Defined Benefits, Loose Accounting

For years, corporate earnings -- and hence corporate share prices -- have been bolstered by gains from corporate pension plans. That's likely to end.

Doing a story on defined-benefit pension plans is a lot like going to a museum of natural history. The word “relic” seems to come up an awful lot.

With good reason, too. For the most part, defined-benefit plans are relics — dusty vestiges of a bygone era when unions were able to negotiate plum retirement plans from employers. Under a defined-benefit setup, a plan sponsor guarantees a specific payout to plan participants. By contrast, defined-contribution schemes — 401(k) plans, for instance — only require employers to guarantee the kick-in, not the payout.

Generally, plan sponsors have found it much easier to guarantee contributions than investment gains. Indeed, over the past two decades, defined-benefit plans have been supplanted by less-onerous defined- contribution plans as the retirement scheme of choice among most employers.

Despite this steady decline in popularity, a fair amount of old-guard companies still operate defined-benefit plans. And many of those companies have benefited mightily from their antiquated defined-benefit plans.

How? Thanks to the magic of pension accounting, defined-benefit plan sponsors are able to treat gains on plan investments as earnings. Given the bull market of the late nineties, that added income has substantially boosted income for many publicly traded corporations.

But expect most of those paper gains to vanish — and soon. For one thing, the bear economy has made the bullish forecasts of the investment returns of many plans look downright Pollyanna.

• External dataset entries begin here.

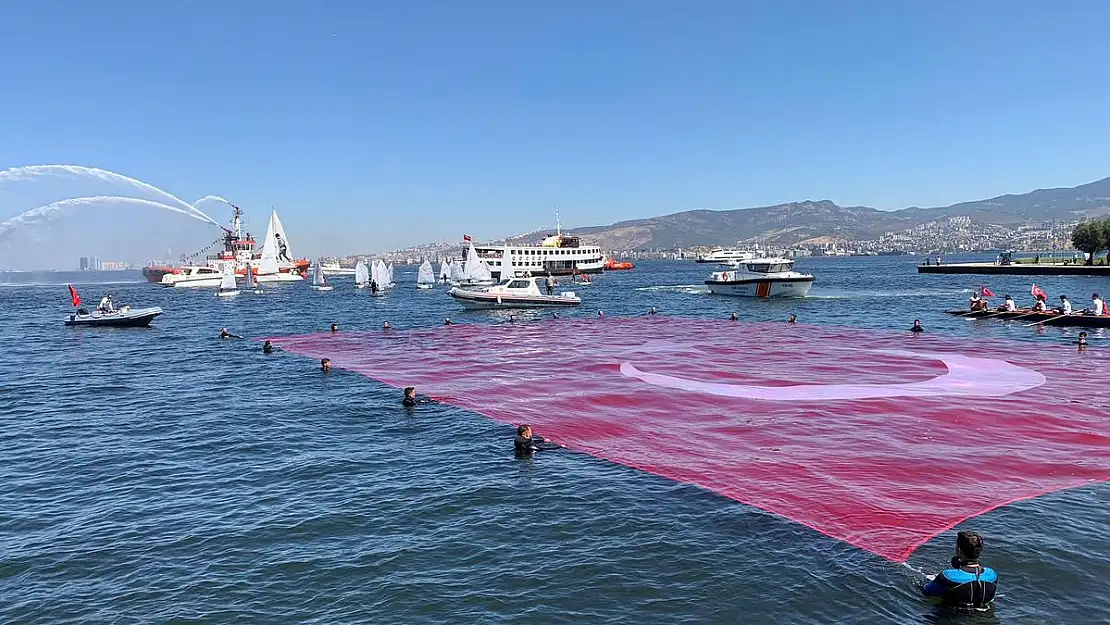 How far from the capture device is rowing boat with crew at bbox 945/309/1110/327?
50156 mm

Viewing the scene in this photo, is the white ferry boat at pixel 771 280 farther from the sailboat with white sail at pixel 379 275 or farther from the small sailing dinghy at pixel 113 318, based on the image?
the small sailing dinghy at pixel 113 318

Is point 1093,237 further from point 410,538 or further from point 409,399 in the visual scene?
point 410,538

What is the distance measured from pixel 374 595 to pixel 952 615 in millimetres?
10029

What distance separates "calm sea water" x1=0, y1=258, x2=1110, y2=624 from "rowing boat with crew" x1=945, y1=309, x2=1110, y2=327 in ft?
132

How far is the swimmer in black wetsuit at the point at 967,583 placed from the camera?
11883mm

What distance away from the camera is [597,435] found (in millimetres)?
23812

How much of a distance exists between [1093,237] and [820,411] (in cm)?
14550

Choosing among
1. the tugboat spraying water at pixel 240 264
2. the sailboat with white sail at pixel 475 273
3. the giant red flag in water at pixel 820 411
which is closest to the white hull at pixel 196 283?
the tugboat spraying water at pixel 240 264

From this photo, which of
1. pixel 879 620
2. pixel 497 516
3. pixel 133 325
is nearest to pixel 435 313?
pixel 133 325

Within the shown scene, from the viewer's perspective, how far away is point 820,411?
86.0 feet

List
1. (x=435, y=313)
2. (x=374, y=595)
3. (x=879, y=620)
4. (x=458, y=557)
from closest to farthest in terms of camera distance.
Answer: (x=879, y=620) → (x=374, y=595) → (x=458, y=557) → (x=435, y=313)

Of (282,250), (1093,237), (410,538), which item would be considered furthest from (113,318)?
(1093,237)

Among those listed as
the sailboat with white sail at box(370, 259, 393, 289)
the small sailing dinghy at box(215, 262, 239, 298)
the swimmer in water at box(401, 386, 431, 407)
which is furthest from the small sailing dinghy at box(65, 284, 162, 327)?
the sailboat with white sail at box(370, 259, 393, 289)

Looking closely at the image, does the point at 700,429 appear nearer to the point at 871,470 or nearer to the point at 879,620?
the point at 871,470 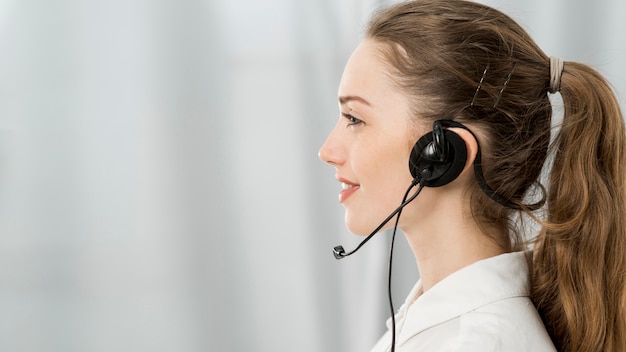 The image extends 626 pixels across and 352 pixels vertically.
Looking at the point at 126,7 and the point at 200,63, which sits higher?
the point at 126,7

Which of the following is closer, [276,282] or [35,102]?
[35,102]

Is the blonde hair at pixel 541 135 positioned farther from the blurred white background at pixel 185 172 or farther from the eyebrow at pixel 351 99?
the blurred white background at pixel 185 172

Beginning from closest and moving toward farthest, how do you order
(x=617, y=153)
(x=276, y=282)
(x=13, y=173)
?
(x=617, y=153) → (x=13, y=173) → (x=276, y=282)

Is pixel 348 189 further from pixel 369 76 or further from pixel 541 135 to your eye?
pixel 541 135

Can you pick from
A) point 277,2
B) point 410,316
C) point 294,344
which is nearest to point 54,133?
point 277,2

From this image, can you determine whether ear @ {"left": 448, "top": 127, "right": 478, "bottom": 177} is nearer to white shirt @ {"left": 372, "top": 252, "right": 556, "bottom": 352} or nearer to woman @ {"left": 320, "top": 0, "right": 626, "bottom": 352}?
woman @ {"left": 320, "top": 0, "right": 626, "bottom": 352}

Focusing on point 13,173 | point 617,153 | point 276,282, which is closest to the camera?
point 617,153

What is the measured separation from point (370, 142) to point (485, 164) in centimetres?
17

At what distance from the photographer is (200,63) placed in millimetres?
1734

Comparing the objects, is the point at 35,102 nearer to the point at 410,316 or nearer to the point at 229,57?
the point at 229,57

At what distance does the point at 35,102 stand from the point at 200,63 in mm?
372

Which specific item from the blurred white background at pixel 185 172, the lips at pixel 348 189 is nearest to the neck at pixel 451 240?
the lips at pixel 348 189

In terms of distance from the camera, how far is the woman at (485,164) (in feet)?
3.50

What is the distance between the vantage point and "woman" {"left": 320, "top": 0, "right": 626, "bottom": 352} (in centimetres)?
107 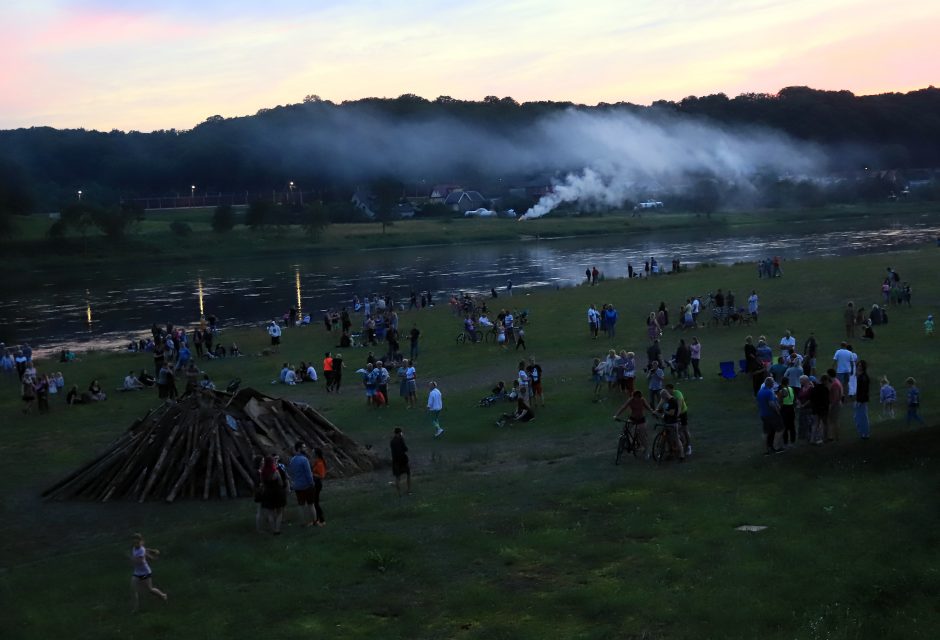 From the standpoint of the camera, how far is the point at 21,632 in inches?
533

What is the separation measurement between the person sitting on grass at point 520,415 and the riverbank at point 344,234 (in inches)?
3554

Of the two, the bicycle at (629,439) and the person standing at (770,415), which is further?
the bicycle at (629,439)

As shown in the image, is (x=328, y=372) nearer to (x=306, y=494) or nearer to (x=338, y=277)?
(x=306, y=494)

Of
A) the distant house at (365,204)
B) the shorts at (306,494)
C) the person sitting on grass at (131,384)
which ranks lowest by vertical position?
the person sitting on grass at (131,384)

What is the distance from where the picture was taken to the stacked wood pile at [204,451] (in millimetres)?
21234

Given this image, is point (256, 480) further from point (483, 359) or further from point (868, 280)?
point (868, 280)

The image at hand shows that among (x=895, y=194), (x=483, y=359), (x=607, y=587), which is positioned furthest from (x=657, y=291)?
(x=895, y=194)

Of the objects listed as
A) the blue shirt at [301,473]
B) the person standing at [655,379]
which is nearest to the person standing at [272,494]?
the blue shirt at [301,473]

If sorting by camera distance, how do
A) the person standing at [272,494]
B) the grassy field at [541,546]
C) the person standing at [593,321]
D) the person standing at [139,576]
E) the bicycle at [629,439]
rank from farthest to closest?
the person standing at [593,321] → the bicycle at [629,439] → the person standing at [272,494] → the person standing at [139,576] → the grassy field at [541,546]

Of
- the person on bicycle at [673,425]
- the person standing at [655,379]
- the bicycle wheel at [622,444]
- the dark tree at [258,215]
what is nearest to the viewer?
the person on bicycle at [673,425]

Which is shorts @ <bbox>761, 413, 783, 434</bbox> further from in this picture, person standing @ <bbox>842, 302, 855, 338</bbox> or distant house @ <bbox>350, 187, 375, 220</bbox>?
distant house @ <bbox>350, 187, 375, 220</bbox>

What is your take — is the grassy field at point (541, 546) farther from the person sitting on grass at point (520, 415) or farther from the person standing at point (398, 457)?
the person standing at point (398, 457)

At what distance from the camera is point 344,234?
135000mm

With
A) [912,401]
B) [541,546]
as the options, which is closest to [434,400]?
[541,546] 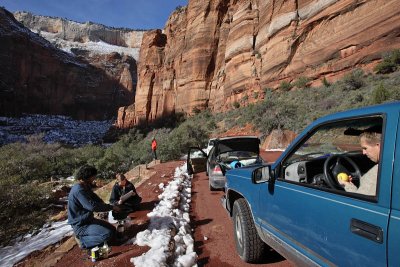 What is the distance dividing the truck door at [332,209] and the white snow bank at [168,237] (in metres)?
1.29

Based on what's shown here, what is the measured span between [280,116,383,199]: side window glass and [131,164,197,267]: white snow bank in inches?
71.3

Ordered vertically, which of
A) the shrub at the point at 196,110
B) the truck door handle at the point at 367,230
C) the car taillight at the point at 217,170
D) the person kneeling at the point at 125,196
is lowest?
the person kneeling at the point at 125,196

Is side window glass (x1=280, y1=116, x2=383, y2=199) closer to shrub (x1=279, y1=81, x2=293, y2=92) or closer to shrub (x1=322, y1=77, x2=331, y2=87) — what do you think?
shrub (x1=322, y1=77, x2=331, y2=87)

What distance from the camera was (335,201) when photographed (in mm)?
2041

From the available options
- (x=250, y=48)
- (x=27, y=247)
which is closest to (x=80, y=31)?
(x=250, y=48)

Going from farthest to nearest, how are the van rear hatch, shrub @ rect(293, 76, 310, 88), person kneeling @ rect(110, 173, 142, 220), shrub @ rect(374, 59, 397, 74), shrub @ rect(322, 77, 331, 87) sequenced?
shrub @ rect(293, 76, 310, 88) < shrub @ rect(322, 77, 331, 87) < shrub @ rect(374, 59, 397, 74) < the van rear hatch < person kneeling @ rect(110, 173, 142, 220)

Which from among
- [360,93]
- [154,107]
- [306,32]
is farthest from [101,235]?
[154,107]

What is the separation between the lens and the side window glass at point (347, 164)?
213 centimetres

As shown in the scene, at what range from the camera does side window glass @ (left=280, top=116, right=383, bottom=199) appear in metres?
2.13

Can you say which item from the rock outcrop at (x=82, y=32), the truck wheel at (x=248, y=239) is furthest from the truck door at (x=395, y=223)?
the rock outcrop at (x=82, y=32)

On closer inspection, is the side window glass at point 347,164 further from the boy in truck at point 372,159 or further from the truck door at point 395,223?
the truck door at point 395,223

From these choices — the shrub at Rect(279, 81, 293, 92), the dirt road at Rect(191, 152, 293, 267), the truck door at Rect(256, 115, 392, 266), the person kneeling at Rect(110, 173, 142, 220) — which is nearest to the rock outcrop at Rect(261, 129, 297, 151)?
the dirt road at Rect(191, 152, 293, 267)

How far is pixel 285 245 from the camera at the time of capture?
2715 millimetres

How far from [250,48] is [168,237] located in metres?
37.1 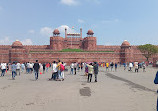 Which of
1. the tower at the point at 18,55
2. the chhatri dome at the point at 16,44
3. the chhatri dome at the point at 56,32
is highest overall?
the chhatri dome at the point at 56,32

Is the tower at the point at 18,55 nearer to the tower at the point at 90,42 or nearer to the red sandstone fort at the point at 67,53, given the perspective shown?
the red sandstone fort at the point at 67,53

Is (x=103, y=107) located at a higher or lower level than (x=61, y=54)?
lower

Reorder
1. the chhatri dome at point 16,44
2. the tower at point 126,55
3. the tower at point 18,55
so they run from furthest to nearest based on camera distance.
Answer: the tower at point 126,55, the chhatri dome at point 16,44, the tower at point 18,55

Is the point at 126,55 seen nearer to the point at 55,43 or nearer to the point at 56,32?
the point at 55,43

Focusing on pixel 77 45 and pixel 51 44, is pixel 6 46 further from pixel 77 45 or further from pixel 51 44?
pixel 77 45

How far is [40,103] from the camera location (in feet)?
14.7

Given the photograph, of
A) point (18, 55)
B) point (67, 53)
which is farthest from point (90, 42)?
point (18, 55)

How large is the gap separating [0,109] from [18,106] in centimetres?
46

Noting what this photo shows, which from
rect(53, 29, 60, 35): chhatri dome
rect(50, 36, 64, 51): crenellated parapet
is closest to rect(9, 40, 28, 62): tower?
rect(50, 36, 64, 51): crenellated parapet

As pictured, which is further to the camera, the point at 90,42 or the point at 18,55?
the point at 90,42

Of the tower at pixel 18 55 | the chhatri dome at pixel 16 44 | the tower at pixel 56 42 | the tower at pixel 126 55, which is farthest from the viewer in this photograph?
the tower at pixel 56 42

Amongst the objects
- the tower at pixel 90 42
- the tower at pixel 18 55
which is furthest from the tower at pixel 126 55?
the tower at pixel 18 55

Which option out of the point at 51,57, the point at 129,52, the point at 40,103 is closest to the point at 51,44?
the point at 51,57

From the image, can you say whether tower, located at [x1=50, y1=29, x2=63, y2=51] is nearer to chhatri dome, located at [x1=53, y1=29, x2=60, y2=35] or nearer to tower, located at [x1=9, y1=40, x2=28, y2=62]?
chhatri dome, located at [x1=53, y1=29, x2=60, y2=35] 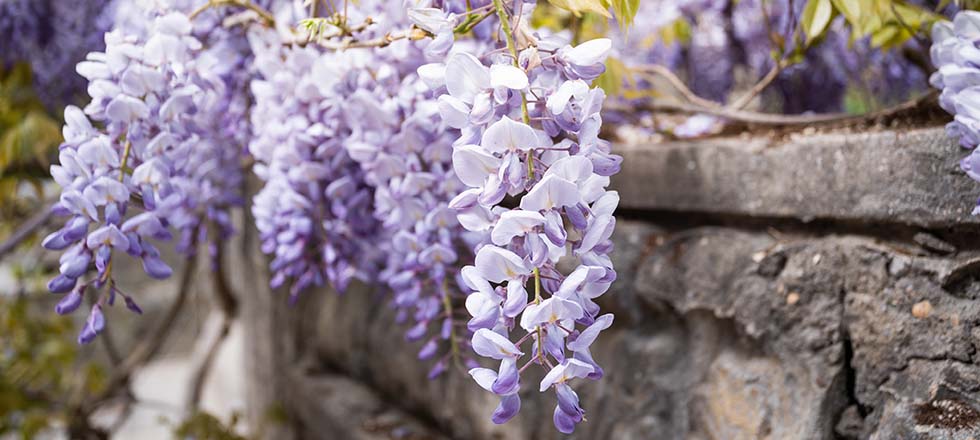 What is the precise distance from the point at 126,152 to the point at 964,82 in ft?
2.52

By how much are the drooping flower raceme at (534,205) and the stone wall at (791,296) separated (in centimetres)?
34

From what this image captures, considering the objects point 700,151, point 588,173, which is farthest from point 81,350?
point 588,173

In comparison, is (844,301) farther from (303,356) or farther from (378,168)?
(303,356)

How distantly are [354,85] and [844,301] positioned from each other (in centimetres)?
59

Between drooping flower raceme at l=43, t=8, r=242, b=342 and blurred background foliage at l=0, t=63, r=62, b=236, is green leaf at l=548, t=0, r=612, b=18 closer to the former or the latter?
drooping flower raceme at l=43, t=8, r=242, b=342

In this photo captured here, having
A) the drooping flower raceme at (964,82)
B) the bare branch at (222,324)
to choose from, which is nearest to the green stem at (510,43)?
the drooping flower raceme at (964,82)

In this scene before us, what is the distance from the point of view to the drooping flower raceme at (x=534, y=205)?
0.56m

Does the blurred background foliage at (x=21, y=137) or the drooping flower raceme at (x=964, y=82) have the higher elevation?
the drooping flower raceme at (x=964, y=82)

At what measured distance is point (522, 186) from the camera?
574 mm

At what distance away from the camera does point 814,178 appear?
2.79 feet

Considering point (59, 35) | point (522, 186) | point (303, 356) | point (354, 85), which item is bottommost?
point (303, 356)

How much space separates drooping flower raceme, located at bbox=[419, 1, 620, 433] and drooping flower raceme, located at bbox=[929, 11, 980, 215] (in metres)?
0.31

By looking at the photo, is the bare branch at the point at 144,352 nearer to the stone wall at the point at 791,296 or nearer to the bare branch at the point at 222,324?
the bare branch at the point at 222,324

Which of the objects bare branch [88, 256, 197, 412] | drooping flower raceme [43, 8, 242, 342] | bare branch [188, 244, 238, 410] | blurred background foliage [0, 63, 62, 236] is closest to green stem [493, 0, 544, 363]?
drooping flower raceme [43, 8, 242, 342] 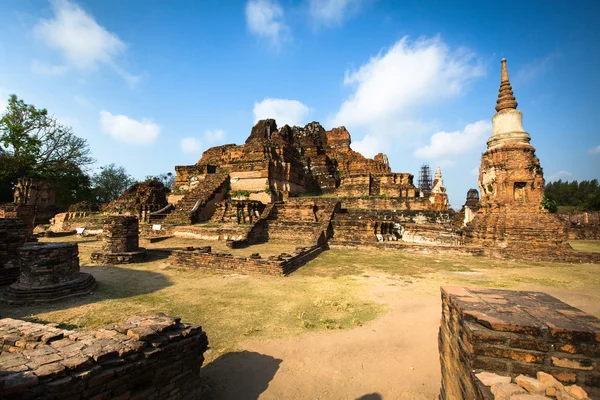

Moreover, analysts and auditors are beginning to take a dim view of companies that repeatedly use their pension plans to inflate earnings. As CFO.com reported last week, Standard & Poor’s excluded pension-generated earnings from its much trumpeted “core earnings” metric. S&P’s new earnings gauge is designed to show the true financial performance of a business — and not bookkeeping gains.

Adding injury to insult: S&P’s new earnings metric treats pension payouts as a cost. That’s a big shift from GAAP accounting.

In the coming months, S&P plans to plug its core earnings calculation into its massive database. The rating agency’s newfangled treatment of pension plans will no doubt help lower the earnings of many companies listed on its indices.

Can’t Touch This

But despite the pain, at least one retirement-plan consultant says finance chiefs would do well to follow Standard & Poor’s lead in placing less stress on pension-related income numbers.

“CFOs should be managing their companies to do what their company does and [use the] pension to attract and retain employees,” says John Ehrhardt, a principle and consulting actuary with Milliman USA. “They should look at what their operating earnings look like without the pension plans — and be managing to that number.”

Gains in pension assets, of course, have never really ended up in corporate coffers. “It’s really a negative expense that looks like profits,” he says.